## Exercise
Word for word, restate the listing; omit the pictures.

## Available data
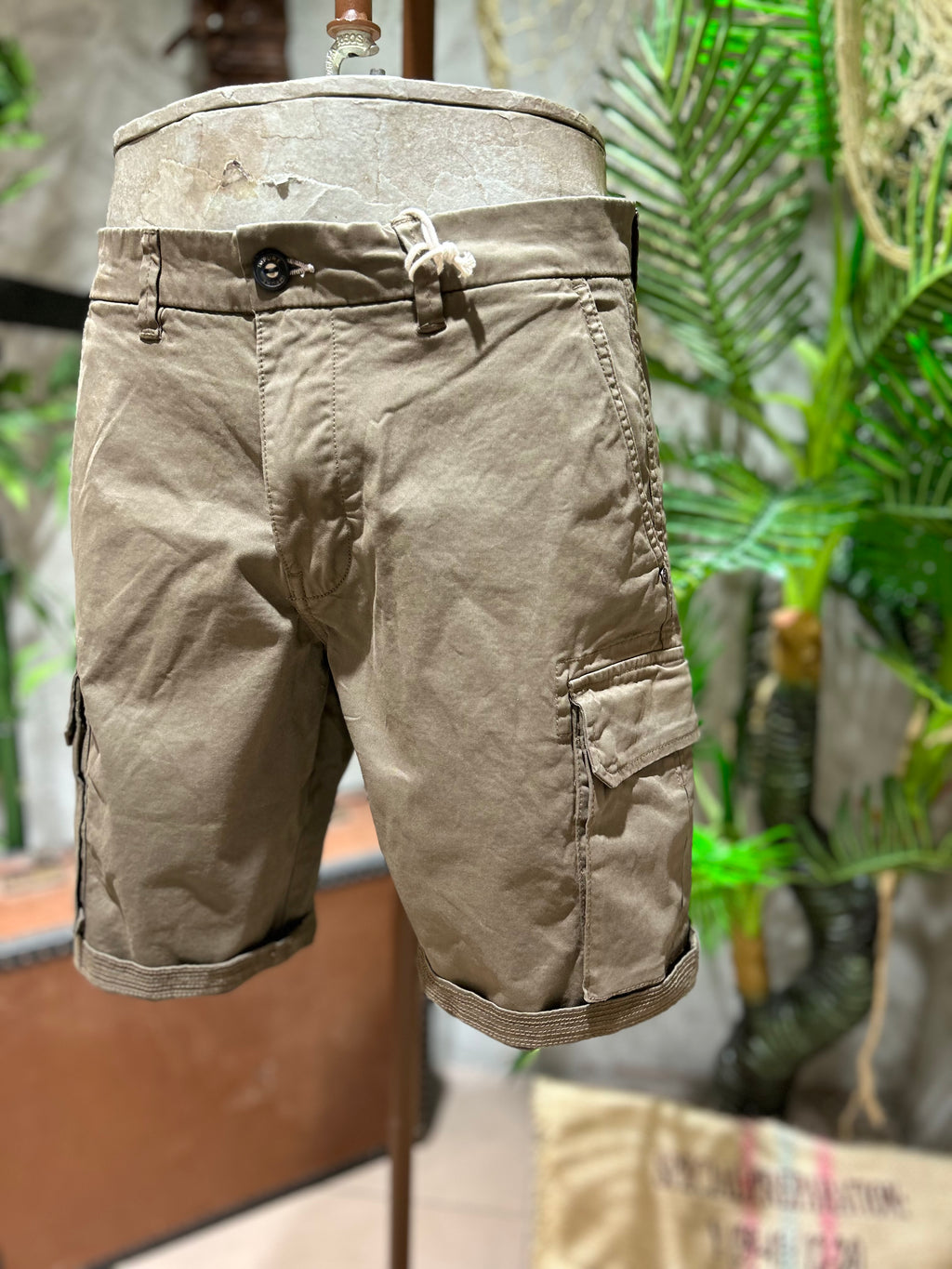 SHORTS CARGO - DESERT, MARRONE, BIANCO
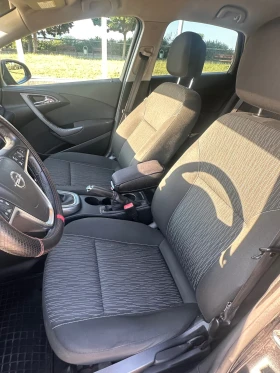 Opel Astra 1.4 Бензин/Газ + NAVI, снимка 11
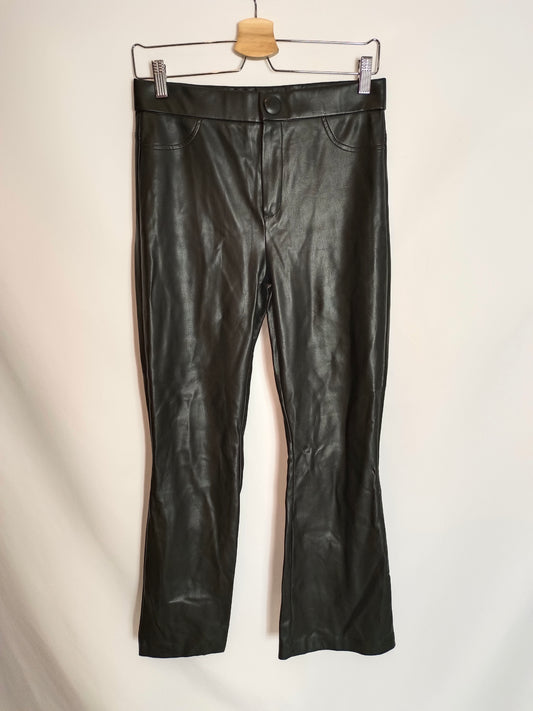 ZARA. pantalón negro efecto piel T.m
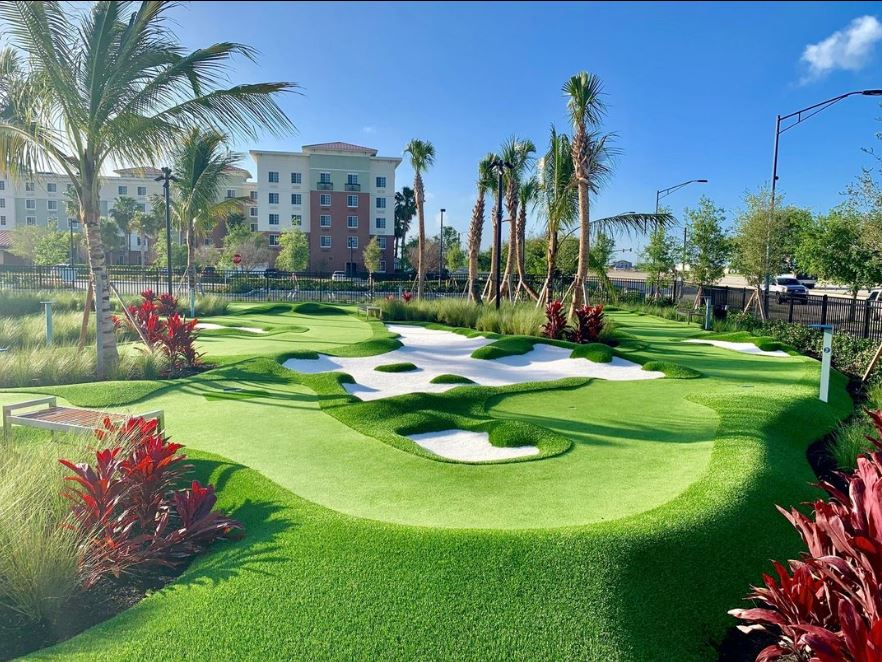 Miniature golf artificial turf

## Result of this task
 SHORTS CARGO - DESERT, MARRONE, BIANCO
 Opel Astra 1.4 Бензин/Газ + NAVI, снимка 11
 ZARA. pantalón negro efecto piel T.m
 Miniature golf artificial turf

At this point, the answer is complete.